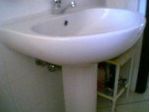 Lavabo con colonna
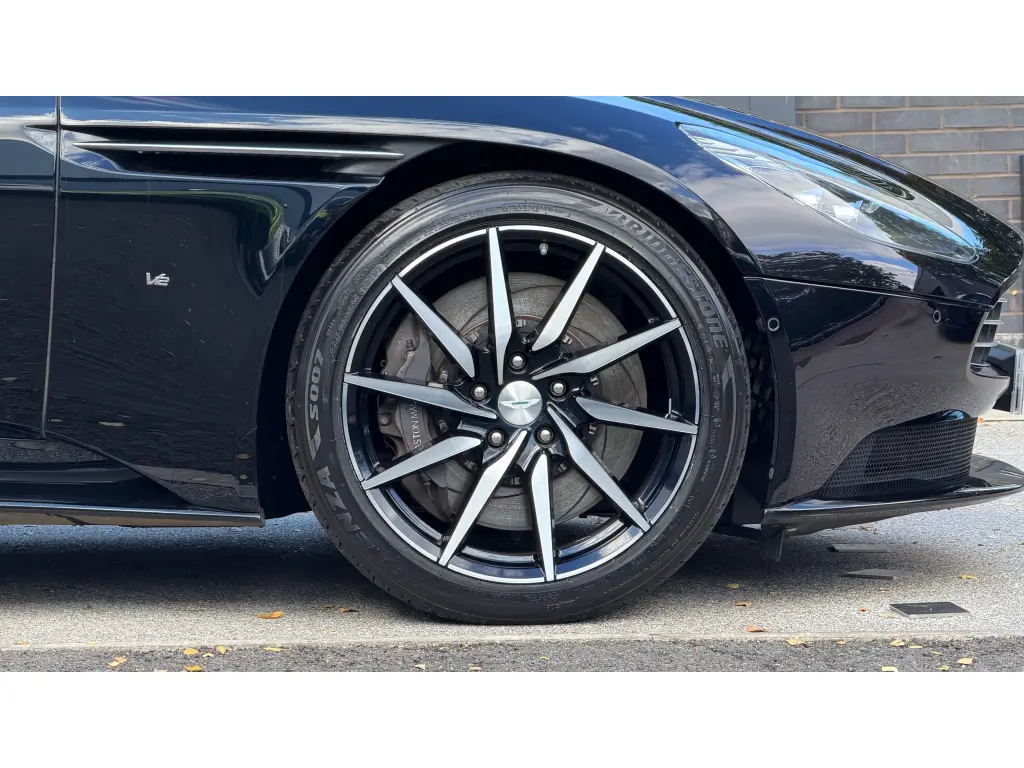 2017 DB11 V12 Coupe thumbnail vehicle image 3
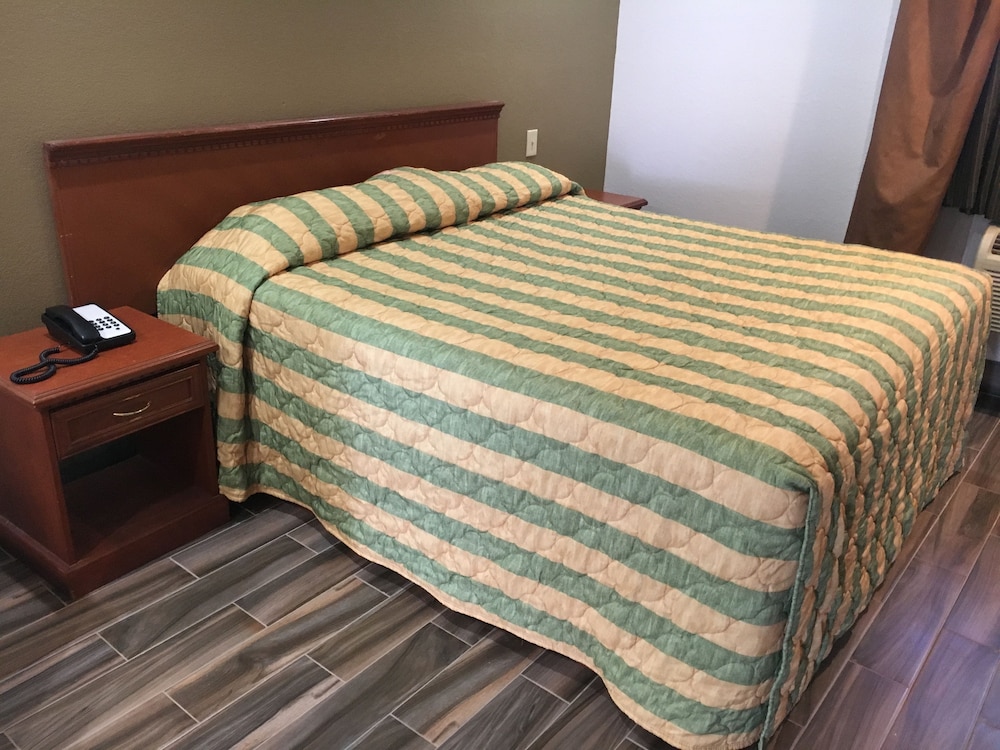 Bellflower Travel Inn - photo 27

*-*-*

What needs to be done:
All of the material should be written out again exactly, apart from the pictures.

Solution for this problem:
 Lavabo con colonna
 2017 DB11 V12 Coupe thumbnail vehicle image 3
 Bellflower Travel Inn - photo 27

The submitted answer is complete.